- [INSTRUCTIONS FOR THE TASK]: From the records below, print only the part that opens with the line containing "Pilgrims on the" and closes with the line containing "Individual in a"; omit the pictures.

- [TASK DATA]:
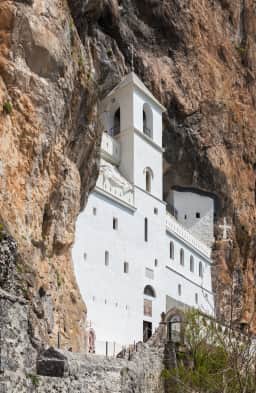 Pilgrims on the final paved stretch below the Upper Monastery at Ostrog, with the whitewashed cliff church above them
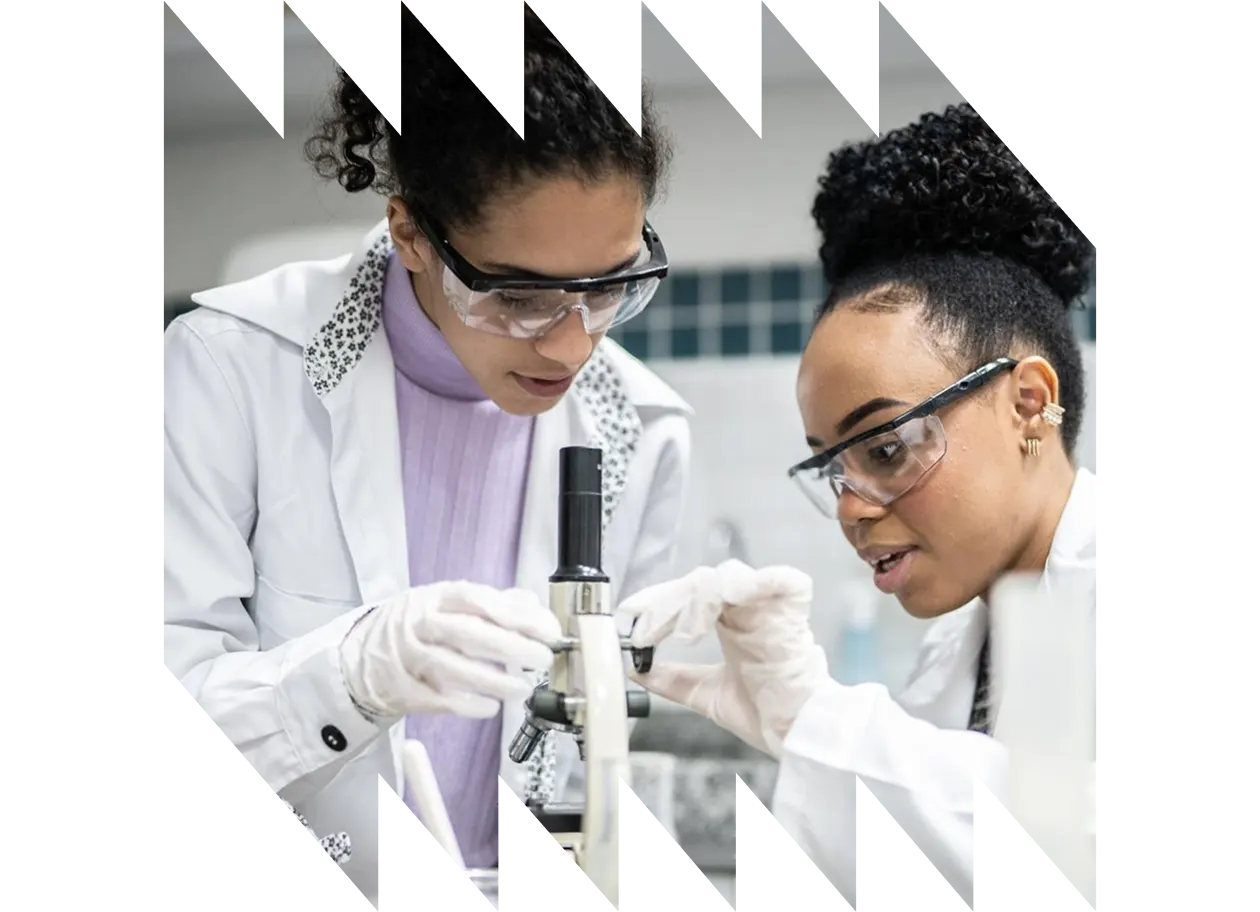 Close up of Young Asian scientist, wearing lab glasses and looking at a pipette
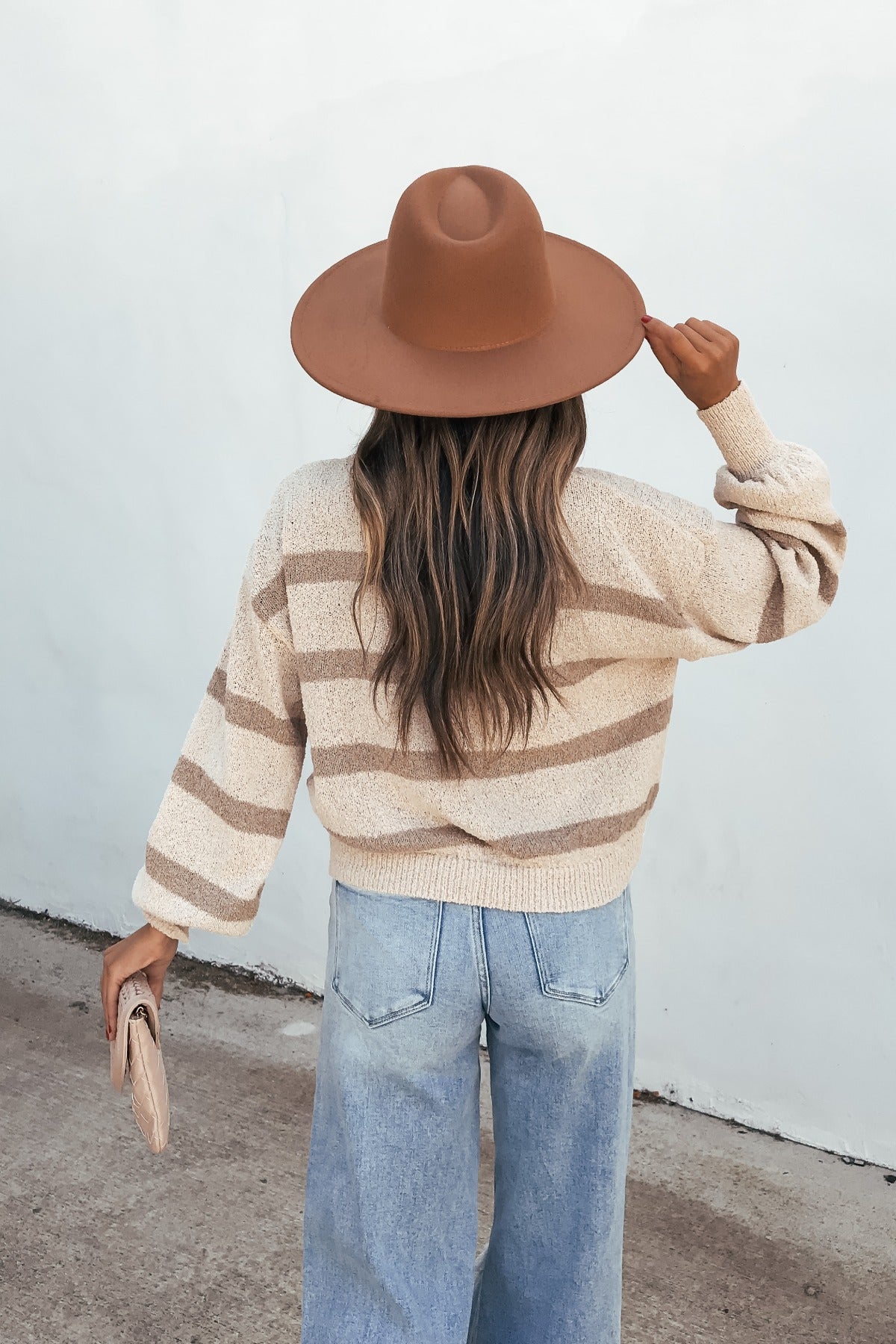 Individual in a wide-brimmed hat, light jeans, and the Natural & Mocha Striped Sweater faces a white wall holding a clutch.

...

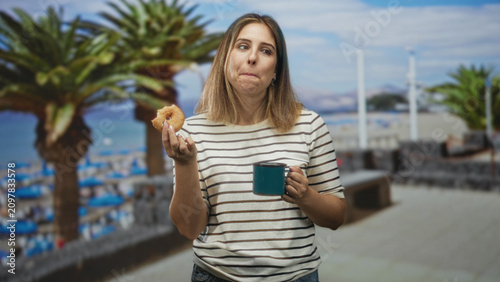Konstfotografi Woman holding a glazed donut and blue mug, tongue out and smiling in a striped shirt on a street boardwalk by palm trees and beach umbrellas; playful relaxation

- [THE COMPLETED TASK]:
 Pilgrims on the final paved stretch below the Upper Monastery at Ostrog, with the whitewashed cliff church above them
 Close up of Young Asian scientist, wearing lab glasses and looking at a pipette
 Individual in a wide-brimmed hat, light jeans, and the Natural & Mocha Striped Sweater faces a white wall holding a clutch.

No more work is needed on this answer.